Kunming railway station attack
On March 1, 2014, dozens of commuters were killed and more than a hundred others injured when a gang of knife-wielding attackers rampaged through Kunming railway station in Yunnan province, China. Authorities blamed "separatist forces from Xinjiang" for the deadly attack. Four of the alleged assailants were shot dead by police at the scene.
Beijing police threaten action against microbloggers over Kunming attack comments
Warning against bloggers sparks fears of another internet crackdown
Beijing police issued harsh warnings this week to some of China’s most outspoken microbloggers after they posted about the social and political reasons behind the Kunming railway station attack.

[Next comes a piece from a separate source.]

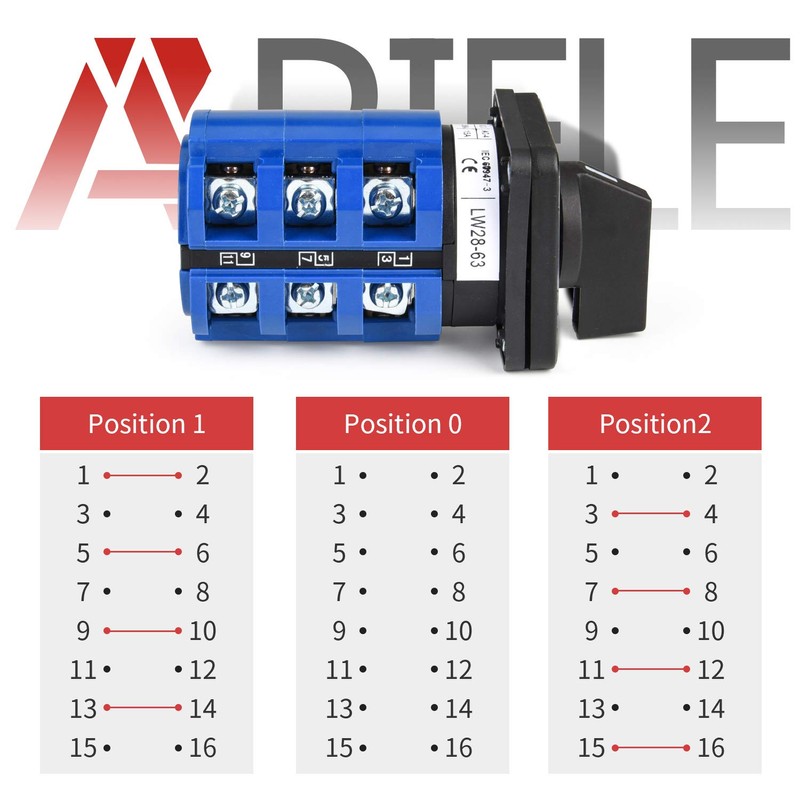 APIELE Changeover Selector Switch 63A 3 Position 16 Terminals Poles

The internet security group of the Beijing police department accused influential microbloggers, including writer Li Chengpeng and journalist Luo Changping, of “ignoring facts” and “mistaking the black for the white”.
It warned that "public figures” should “be responsible for their words” and threatened action "when laws are breached", but did not elaborate.
The message sparked fears of another internet crackdown, following the one launched by central government late last year, in which it arrested liberal commentators and microbloggers, shut down websites and erased what it deemed "harmful information".
Beijing police did not directly name the bloggers but posted screegrabs on Thursday of particular Weibo messages the authorities claimed had been flagged by readers.
One of the messages was by soccer commentator turned writer Li Chengpeng. “This is shocking and strange ... these people came out of nowhere and attacked civilians. What is their motive?" he said.
Li then quoted a comment made by a reporter: “'[They] would never tell you what actually happened. Instead, they would lead you on to hate blindly, fear unknown fears and die without knowing the cause.'”
Tianyou, another microblogger who received a warning from police, wrote in his weibo: “Do you know why they killed people? Figuring out the cause of the attack will be more useful to tackle them with force.”
Both posts were shared thousands of times and were criticised by some who said they were being sympathetic towards the Kunming attackers, identified as members of the Muslim-majority Uygur ethnic group from Xinjiang region.
Li denied he felt sympathy for the terrorists and defended his comment, defiantly saying: “I am waiting at home for you to arrest me."
“When I wrote this, no official explanation had been given about the attack, and all kinds of rumours were flying around," he wrote on Thursday.
"I was simply sad and shocked these people had died without knowing why. I even lit [virtual] candles for them on Sina Weibo."
Liberal-minded microbloggers spoke up to support Li.
“Most law enforcement people in China are illiterate about the law,” a microblogger named Yitian wrote in response to the police's warning.
”Have they followed any legal procedures to investigate him and try him before making such allegations?” Yitian said.
The police did not respond to an inquiry sent by the South China Morning Post on Friday.
The Communist Party launched a months-long campaign against "online rumours" from August to November last year. It imposed a three-year prison term against those found spreading rumours that damaged the reputation of government officials or harmed social stability.
Hundreds of bloggers and microbloggers were detained, ranging from a 16-year-old student in Gansu province to wealthy venture capitalist Charles Xue Biqun, chilling political discourse and leading to increased self-censorship among online users.